İncil: Yuhanna 1:43-51
Ertesi gün İsa, Celile'ye gitmeye karar verdi. Filipus'u bulup ona, «Ardımdan gel» dedi. Filipus da Andreya ile Petrus'un kenti olan Beytsayda'dandı. Filipus, Natanyel'i bularak ona, «Musa'nın Kutsal Yasa'da hakkında yazdığı, peygamberlerin de sözünü ettiği kişiyi, Yusuf'un oğlu Nasıralı İsa'yı bulduk» dedi. Natanyel Filipus'a, «Nasıra'dan iyi bir şey çıkabilir mi?» diye sordu. Filipus, «Gel de gör» dedi. İsa, Natanyel'in kendisine doğru geldiğini görünce onun için, «İşte, içinde hile olmayan gerçek bir İsrailli!» dedi. Natanyel, « Beni nereden tanıyorsun?» diye sordu. İsa, «Filipus çağırmadan önce seni incir ağacının altında gördüm» cevabını verdi. Natanyel, «Rabbî, sen Tanrı'nın Oğlusun, sen İsrail'in Kralısın!» dedi. İsa ona dedi ki, «Seni incir ağacının altında gördüğümü söylediğim için mi inanıyorsun? Bunlardan daha büyük şeylergöreceksin.» Sonra da, «Size doğrusunu söyleyeyim, göğün açıldığını, Tanrı'nın meleklerinin İnsanoğlu üzerinde yükselip indiklerini göreceksiniz» dedi.

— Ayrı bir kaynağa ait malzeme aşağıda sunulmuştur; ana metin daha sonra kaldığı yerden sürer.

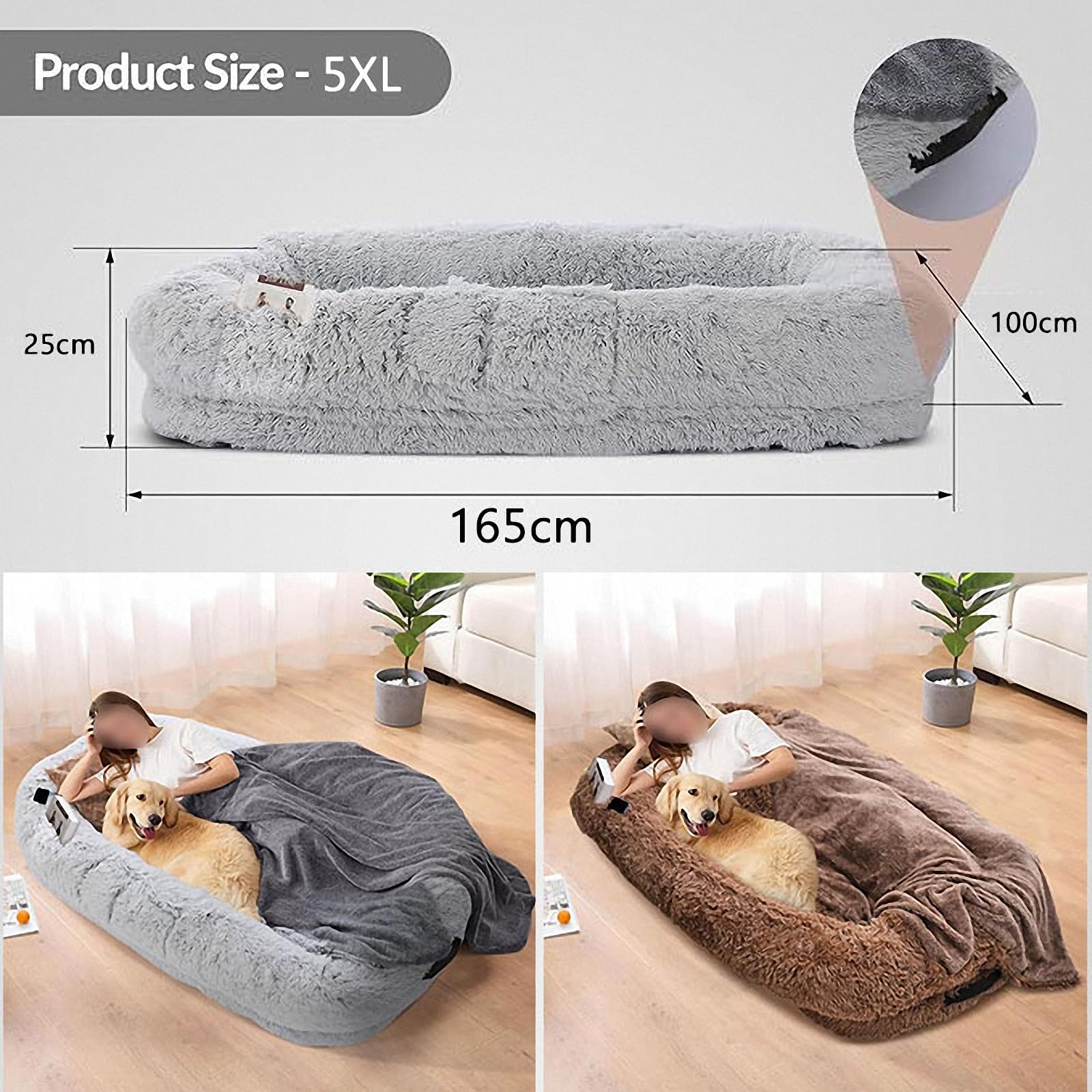 Amazon.co.jp: AXTMR ぬいぐるみブランケット付き人間用ペットベッド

http://www.oodegr.com/tourkika/psyxotherap/theologia_eikonas.htm
İNCİL AÇIKLAMASI
Ortodoksluk Haftası
İkona ve Allah’ı Görmek
“Gel ve Gör…”
Ne cesur ve kutsal bir çağrı. Filippos Natancel’i kendisiyle beraber neyi görmeye, daha doğrusu kimi görmeye çağırıyor? Allah’ı. her kim görürse ölür şeklinde bir öğretiye sahip olan Yahudi bir insan için bu çağrı ne kadar gariptir biliyor musunuz?Aynı öğreti şunu söyler, Allah’a yaklaşmak isteyen ama yalnızca görkeminde veya görkeminin göründüğü çardak veya tapınakta görebilir. Zira Allah’ın görkemi Ahit Sandığı üzerine inerdi. Ve ona yalnızca Başkahin senede bir kez yaklaşabilirdi. Böylesi bir insana sahip olan bir Yahudi Allah’ı direkt olarak görmeye nasıl çağrılır?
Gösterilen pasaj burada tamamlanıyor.